NFTs are a goddamn disaster right now

Digital art and collectibles are a rich vein of opportunity, but this isn’t the way.

I don’t live under a rock, but I’d never even heard of “NFTs” until about a month ago, and now they are absolutely everywhere. Mainstream artists and pop acts are “minting” digital collectibles, artists are auctioning off image files for tens of millions of dollars. Very few trends emerge so widely this without pointing toward some problem that wanted solving. But the current ecosytem springing up around NFTs is a confusing mess, slow and expensive.

This is an NFT that I made. It’s a image of floppy disk magnetic flux. It’s art! It’s tech! It’s research!

I spent some time as a total normie trying to buy and sell a crypto collectible, and I’m going to explain what the fuss is about, and how they suck. And take a guess at where we’re headed.

It’s a so-called non-fungible token. While I’ve always liked the word “fungible” and I’m happy to see it going mainstream, this is a pretty silly acronym and basically just means “a unique item that has only one owner.”

If this sounds a lot like an “object in the real world,” that’s because it is. Just like the shampoo bottle in your shower, or your car. It’s a thing, and it has one clear owner (you). In the case of the shampoo bottle, we all know you own it because it’s in your bathroom. For the car, we know you own it because the state government has a record of you on the registration (plus, only you have the key that starts it.)

An NFT is like the car registration, but for a computer file. We all know that if I have a digital photo or an MP3 and I copy it to you — by email or Dropbox or USB stick — then you also have a copy of it, and those copies are the same. Once I’ve copied you the file, I can’t be said to own it any more than you can.

An NFT means, definitively, that I own the file. Even if I chose to copy the data to you, I still “own” it as far as the rest of the world is concerned.

The online world is very good at communication and sharing but it doesn’t do ownership very well. Lots of people creating cultural work do much of their production digitally, but in order to make any money from their creations, they have to sell you something.

When the something is one of infinite copies (a music album, a film, an app), it’s pretty easy: you pay some money and you download the thing. You just want access to the content, you don’t care to prove to anyone that you own anything.

But now imagine a visual artist. Lots of artists already work digitally. But they want to sell their artwork to individual people, because the limited, exclusive nature of the work is part of its value. So they make high-quality prints of their files onto paper, sign them and number them, and sell the prints.
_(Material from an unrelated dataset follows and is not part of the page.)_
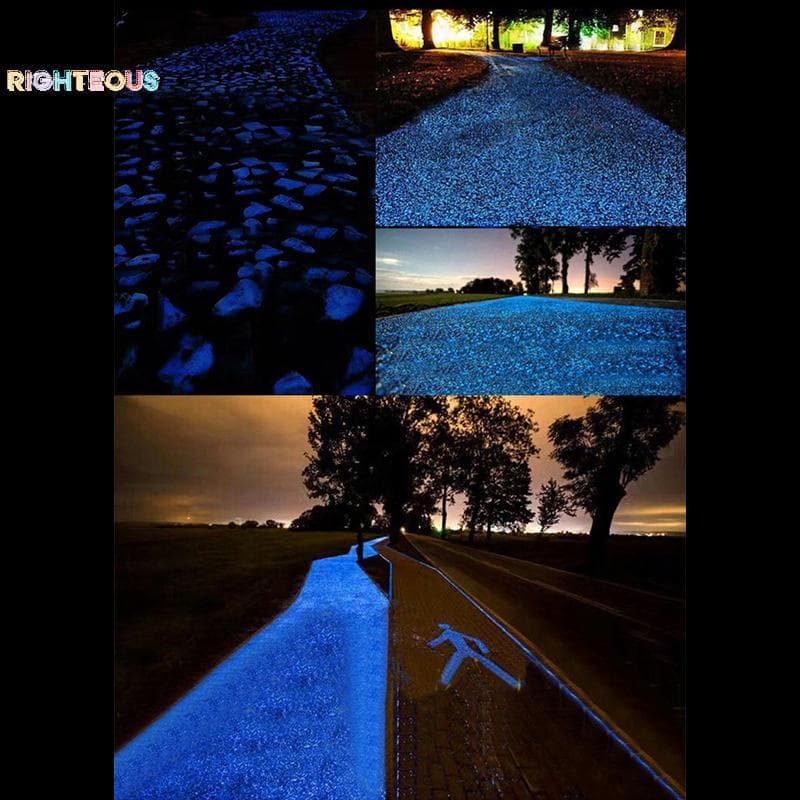 Rightrous 1000 Pçs Areia Luminosa Brilho No Escuro Seixos Pedra Casa Jardim Ao Ar Livre Caminho Gramado Decoração Tanque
They do this because it would be silly to “sell” people JPEG files, which have none of the limitations or exclusivity.

But with NFTs, they actually can. That is what everyone is so excited about. NFTs take the problem of ownership and solve for it in the digital domain. Artwork? Yes. Limited edition pop culture collectibles? Yes. Items that are designed to be used or displayed entirely within the online world. Yes!

This is genuinely cool. People are still buying records on vinyl of the same albums they can stream for free because it’s cool to own stuff, to have it and have it be yours. If we all have a shared understanding of ownership of digital items, that both unlocks audiences and income for artists and creators of all sorts, and also opens the door to genuinely novel online experiences.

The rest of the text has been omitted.